WHAT YOU HAVE TO DO:
Below are lines of data, and only some are wanted. Please repeat exactly those from the line that has "Main picture of 460 Grand St" through the line that has "Moto Peugeot Garée".

Collected data:
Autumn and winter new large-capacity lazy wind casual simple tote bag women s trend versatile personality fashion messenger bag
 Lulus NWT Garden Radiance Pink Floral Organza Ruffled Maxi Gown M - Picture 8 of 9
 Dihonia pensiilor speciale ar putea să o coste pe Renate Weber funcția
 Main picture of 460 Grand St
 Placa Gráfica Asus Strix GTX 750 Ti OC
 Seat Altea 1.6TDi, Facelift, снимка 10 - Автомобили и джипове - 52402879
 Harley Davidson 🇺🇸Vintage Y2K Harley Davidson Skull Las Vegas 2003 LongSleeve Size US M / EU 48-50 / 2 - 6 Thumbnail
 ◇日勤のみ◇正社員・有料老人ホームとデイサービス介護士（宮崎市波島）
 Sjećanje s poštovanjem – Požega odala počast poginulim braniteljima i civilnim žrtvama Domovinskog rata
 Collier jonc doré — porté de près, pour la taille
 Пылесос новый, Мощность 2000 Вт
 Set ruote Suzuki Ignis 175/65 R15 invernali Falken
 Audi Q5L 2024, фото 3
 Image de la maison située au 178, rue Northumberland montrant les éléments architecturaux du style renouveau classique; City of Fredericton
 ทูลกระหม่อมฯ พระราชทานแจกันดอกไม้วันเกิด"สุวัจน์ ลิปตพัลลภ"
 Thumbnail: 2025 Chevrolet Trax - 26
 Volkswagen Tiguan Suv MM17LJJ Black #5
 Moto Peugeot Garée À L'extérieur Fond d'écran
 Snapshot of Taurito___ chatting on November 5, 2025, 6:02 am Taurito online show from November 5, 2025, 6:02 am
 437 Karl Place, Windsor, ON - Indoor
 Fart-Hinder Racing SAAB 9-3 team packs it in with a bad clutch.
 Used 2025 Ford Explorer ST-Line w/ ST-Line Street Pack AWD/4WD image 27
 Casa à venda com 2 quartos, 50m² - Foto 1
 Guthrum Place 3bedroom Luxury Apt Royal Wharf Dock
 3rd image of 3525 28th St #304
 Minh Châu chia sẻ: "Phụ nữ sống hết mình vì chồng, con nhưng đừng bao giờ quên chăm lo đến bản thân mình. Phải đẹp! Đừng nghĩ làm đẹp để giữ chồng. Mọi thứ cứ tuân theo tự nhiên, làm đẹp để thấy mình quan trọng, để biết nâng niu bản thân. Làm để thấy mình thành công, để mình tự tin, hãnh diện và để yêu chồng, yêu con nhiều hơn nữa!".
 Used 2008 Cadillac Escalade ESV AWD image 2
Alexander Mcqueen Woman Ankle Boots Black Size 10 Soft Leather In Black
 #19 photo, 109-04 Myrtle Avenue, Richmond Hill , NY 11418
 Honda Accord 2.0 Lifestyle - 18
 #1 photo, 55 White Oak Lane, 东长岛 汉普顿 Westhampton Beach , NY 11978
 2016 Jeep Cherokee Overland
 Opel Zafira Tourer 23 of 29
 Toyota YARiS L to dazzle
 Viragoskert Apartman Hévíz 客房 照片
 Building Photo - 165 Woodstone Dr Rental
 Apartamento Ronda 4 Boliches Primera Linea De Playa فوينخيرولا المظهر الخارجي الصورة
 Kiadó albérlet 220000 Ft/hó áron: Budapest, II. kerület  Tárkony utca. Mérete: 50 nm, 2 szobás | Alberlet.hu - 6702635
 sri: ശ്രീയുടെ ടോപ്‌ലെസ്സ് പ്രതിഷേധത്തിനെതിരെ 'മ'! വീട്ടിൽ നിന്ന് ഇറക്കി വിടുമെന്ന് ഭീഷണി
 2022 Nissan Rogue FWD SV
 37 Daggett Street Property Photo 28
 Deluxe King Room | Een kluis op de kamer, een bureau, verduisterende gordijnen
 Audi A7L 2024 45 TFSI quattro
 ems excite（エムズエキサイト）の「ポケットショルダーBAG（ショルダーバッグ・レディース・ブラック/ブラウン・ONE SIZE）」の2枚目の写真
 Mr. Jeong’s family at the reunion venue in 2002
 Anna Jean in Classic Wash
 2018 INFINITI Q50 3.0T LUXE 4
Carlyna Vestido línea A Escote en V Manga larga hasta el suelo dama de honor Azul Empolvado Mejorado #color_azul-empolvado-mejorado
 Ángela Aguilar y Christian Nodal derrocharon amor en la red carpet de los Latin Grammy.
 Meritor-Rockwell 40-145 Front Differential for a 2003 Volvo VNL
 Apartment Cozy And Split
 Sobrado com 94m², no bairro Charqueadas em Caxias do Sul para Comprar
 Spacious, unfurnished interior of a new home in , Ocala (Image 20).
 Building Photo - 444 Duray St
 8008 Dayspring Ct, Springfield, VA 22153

OUTPUT FOR THIS EXERCISE:
 Main picture of 460 Grand St
 Placa Gráfica Asus Strix GTX 750 Ti OC
 Seat Altea 1.6TDi, Facelift, снимка 10 - Автомобили и джипове - 52402879
 Harley Davidson 🇺🇸Vintage Y2K Harley Davidson Skull Las Vegas 2003 LongSleeve Size US M / EU 48-50 / 2 - 6 Thumbnail
 ◇日勤のみ◇正社員・有料老人ホームとデイサービス介護士（宮崎市波島）
 Sjećanje s poštovanjem – Požega odala počast poginulim braniteljima i civilnim žrtvama Domovinskog rata
 Collier jonc doré — porté de près, pour la taille
 Пылесос новый, Мощность 2000 Вт
 Set ruote Suzuki Ignis 175/65 R15 invernali Falken
 Audi Q5L 2024, фото 3
 Image de la maison située au 178, rue Northumberland montrant les éléments architecturaux du style renouveau classique; City of Fredericton
 ทูลกระหม่อมฯ พระราชทานแจกันดอกไม้วันเกิด"สุวัจน์ ลิปตพัลลภ"
 Thumbnail: 2025 Chevrolet Trax - 26
 Volkswagen Tiguan Suv MM17LJJ Black #5
 Moto Peugeot Garée À L'extérieur Fond d'écran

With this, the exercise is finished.